For me, it was Wait Wait Don't Tell Me. On some of the hardest days to get out and run, when my legs were tired or my eyes were heavy, I convinced myself that I deserved the treat of my favorite podcast. I was so behind too so I have a wealth of episodes to listen to. Yes, even the simpler pre-November 2016 time episodes. What once was my occasional crutch became my semi-permanent prosthetic. But it works, it gets me excited to at least get outside and put in some miles.

3. F*ck Expectations

I have no goal time for my race this weekend other than finishing. True, finishing comes with expectations - you do have to do it in a certain time. But I'm not going for a PR or anything. I know it will be hard, I'm so poorly trained for a hard hilly race that it will also be hard for the days following, but I know I can do it. I've tried to have this mentality as I've slogged through training runs. It hurts, it's hard, I'm slow, just keep going. But I'm running a 16 minute mile, so what? All that means is in 16 minutes you check off another mile. Do enough of them (5, 10, 15, 25) and you're done. I remember running Quad Rock one year and having forgot most of my running shit, including a watch.
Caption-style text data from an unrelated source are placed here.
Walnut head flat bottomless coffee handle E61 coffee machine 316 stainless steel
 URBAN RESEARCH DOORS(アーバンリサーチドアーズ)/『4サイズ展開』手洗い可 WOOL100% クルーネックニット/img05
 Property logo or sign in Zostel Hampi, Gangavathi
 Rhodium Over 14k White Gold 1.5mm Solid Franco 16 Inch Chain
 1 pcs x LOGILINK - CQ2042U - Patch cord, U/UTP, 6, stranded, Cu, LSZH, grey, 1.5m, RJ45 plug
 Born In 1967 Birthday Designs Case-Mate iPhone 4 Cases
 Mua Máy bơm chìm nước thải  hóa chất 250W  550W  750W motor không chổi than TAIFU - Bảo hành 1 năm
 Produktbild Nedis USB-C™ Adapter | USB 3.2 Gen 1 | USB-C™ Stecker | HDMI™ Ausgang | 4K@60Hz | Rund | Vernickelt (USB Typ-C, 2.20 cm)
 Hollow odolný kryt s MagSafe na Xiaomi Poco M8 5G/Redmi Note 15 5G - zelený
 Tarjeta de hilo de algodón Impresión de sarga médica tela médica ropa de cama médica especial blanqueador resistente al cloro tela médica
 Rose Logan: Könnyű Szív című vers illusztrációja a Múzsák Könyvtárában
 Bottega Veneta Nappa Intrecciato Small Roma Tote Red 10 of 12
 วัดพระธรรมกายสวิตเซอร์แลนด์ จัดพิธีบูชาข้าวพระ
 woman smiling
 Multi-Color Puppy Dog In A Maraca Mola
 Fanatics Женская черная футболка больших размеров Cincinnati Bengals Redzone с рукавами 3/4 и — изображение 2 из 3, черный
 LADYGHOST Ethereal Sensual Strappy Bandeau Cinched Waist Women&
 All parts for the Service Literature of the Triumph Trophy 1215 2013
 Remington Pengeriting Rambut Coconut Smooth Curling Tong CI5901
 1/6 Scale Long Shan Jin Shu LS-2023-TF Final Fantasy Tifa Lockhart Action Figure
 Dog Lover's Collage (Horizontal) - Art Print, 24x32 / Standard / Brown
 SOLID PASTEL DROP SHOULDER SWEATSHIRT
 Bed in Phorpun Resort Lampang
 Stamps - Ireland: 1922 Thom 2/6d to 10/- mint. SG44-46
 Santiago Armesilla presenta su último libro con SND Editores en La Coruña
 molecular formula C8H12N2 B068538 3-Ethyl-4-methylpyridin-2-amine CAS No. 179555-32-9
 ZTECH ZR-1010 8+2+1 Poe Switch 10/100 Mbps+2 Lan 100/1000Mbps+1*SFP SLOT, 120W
I think that was the year I ran my fastest because I didn't really expect much, I had no measure of whether I was meeting an expectation, I just went out and had fun.

4. Avoid Extremes

One thing I learned from my pendulum swing back to running is that it's hard to exist on the extremes. You can do it for awhile, years in fact, but it's not easy. I realized for a bit I was on the running extreme. You don't have to be winning races to get there. You just have to put yourself so much into something that you forget to remember to do it for the right reasons. And as pendulums work, if you swing far on one side it's super easy for the momentum to swing you pretty far to the other. I'm trying to be more mindful of avoid a zero sum game of activities. I don't have to do more of A to counter B. I go run sometimes, I go to happy hour sometimes, I play frisbee sometimes, I do all three sometimes. 

5. Suck it up Buttercup

It's so easy to think about how hard it is to go on a run. And most runners will tell you, the first 2-5 miles suck. Not the in the bigger picture. The totality of the run can be great. But taking the first couple steps, heck putting on stinky running clothes, can just seems really super hard most days, impossible others. Currently, I have to give myself a pep talk and admit to myself that I'm not going to feel great at the start. But I know that if I suck it up I usually feel great a few miles in and I always feel better that I did it after. Even when I've had a horrible run, where I felt sick the whole time, I never think to myself when I get home, I wish I hadn't done that.

So that's what I got. It's not a perfect list, it's not complete either. All I can say is, I'm trying. I'm putting myself back out there. I'm trying to get back to a time when running was great, there was a chicken in every pot, and American Democracy worked. I'm ok with one out of those three to start.